=== Section Start ===
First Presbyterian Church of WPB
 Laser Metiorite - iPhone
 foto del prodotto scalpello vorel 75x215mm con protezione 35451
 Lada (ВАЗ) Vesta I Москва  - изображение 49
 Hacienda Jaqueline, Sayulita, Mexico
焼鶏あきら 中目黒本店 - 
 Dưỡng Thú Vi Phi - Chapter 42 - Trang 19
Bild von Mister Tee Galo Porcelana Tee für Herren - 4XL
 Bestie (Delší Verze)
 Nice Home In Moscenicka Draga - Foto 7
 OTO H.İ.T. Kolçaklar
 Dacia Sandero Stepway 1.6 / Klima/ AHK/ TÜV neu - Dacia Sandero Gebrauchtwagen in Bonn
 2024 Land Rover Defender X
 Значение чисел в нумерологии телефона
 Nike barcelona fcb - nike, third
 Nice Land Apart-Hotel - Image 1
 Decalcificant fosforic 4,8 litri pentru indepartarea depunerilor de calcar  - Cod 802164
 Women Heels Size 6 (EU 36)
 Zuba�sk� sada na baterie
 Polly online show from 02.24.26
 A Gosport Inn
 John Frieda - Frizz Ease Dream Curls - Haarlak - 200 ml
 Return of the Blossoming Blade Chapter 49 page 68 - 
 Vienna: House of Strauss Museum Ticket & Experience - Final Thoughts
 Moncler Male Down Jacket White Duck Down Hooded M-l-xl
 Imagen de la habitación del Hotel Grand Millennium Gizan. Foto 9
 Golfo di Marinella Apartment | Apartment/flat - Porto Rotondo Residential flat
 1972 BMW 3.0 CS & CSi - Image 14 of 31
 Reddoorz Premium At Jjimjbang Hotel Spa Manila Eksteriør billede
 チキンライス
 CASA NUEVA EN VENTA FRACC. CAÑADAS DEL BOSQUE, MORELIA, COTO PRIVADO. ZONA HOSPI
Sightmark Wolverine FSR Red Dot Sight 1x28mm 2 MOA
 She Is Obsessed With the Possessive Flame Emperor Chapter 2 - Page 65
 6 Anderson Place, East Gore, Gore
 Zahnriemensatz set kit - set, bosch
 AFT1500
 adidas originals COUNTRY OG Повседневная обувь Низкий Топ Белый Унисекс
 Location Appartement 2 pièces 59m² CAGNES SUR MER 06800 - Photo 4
=== Section End ===
• **What to do**
Show a copy of each line from the data that includes the word "Land".

• **Solved exercise**
 2024 Land Rover Defender X
 Nice Land Apart-Hotel - Image 1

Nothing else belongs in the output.